Conclusion du rapport : Une révision de stratégie

Le groupe de suivi appelle à une révision en profondeur de la stratégie ZAN, afin de la rendre compatible avec les enjeux territoriaux et économiques.

Une meilleure coordination entre les politiques publiques est essentielle pour éviter les contradictions et les crises sociales, similaires à celle des « gilets jaunes ». Les sénateurs annoncent par ailleurs continuer à travailler sur ces enjeux et formulera des propositions législatives concrètes pour améliorer la mise en œuvre du ZAN au cours du premier semestre 2025.

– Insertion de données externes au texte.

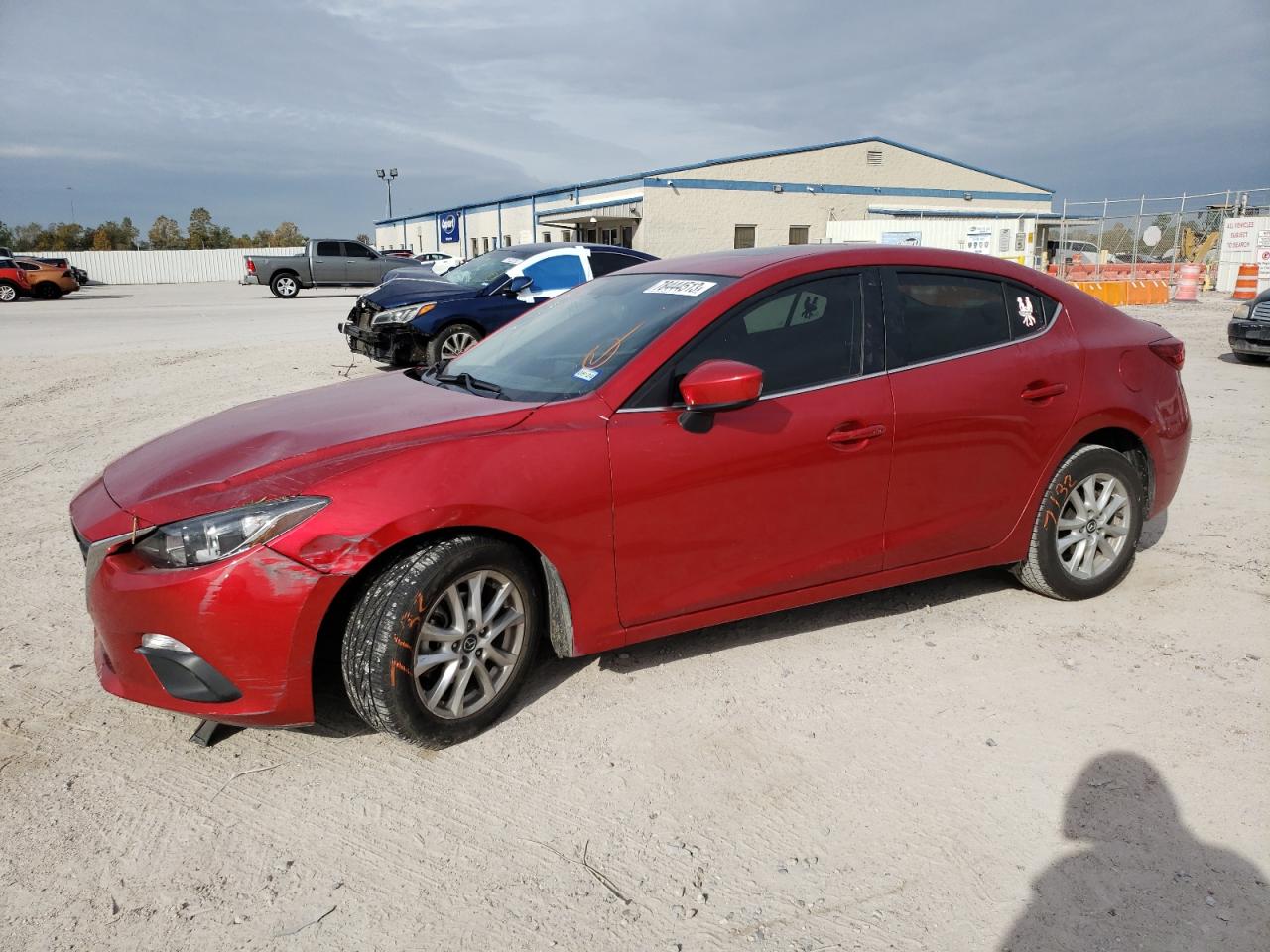Изображение 2014 MAZDA 3 GRAND TOURING 2014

Les sénateurs écologistes fustigent le rapport

Dans un communiqué, le groupe écologiste du Sénat dénonce ce rapport comme « une véritable atteinte à la trajectoire de la réduction de la consommation des espaces naturels, agricoles et forestiers ». Les sénateurs verts indiquent « voter contre ce rapport qui annonce des catastrophes à venir pour le climat, la biodiversité, l’avenir de la ruralité et de l’aménagement.”